It was heartening to read that in most Florida counties parents aren’t interested in banning books from schools. It suggests that most parents are simply interested in parenting their children well — allowing them to be open to different experiences and points of view and being there to answer questions or provide help in understanding the world in which we live. On the flip side, it was infuriating to think that our leaders have developed a system that so few people — two people accounting for most book ban requests — can pervert.
Now, with recent decisions by state school officials, these people can cost our schools more money if they are not happy with the outcome of their ludicrous book ban requests. That tilts the scales toward school districts banning the books as requested so that they don’t have to pay for a costly review process. With public schools already hemorrhaging funds as more people accept government handouts for private school, we have to guard against frivolous expenses that arise based on baseless complaints of very few people. More importantly, are we willing to keep supporting legislators who cannot seem to write laws that reflect the wishes of the majority of Floridians?

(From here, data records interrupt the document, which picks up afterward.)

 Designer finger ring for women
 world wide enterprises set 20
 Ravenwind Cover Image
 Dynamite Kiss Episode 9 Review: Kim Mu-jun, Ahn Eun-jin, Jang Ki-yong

Brad Rosenheim, St. Petersburg
More book banning
How can only two people have that much influence over the books read in schools throughout the state? How can two people decide what is best for thousands of students? And how can two people determine what is best for parents throughout Florida?
If these people do not want their children to read these particular books, they can notify their school. The request can be placed in the child’s profile and they will not be allowed to check the books out from their school media center.
Meanwhile, stop letting two people make decisions for my children and grandchildren.
Marilyn S. Warner, Clearwater
Here’s a simple fix for saving Social Security | Column, Aug. 24
I wholeheartedly agree with the letter writer about fixing Social Security. If you are earning money, you should pay Social Security taxes on that income. Eliminate the cap on wage earnings. The cap of $160,200 is ridiculously low. This idea should have bipartisan support as it would fix Social Security for all Americans. This is a no-brainer, but maybe it’s too logical for Congress.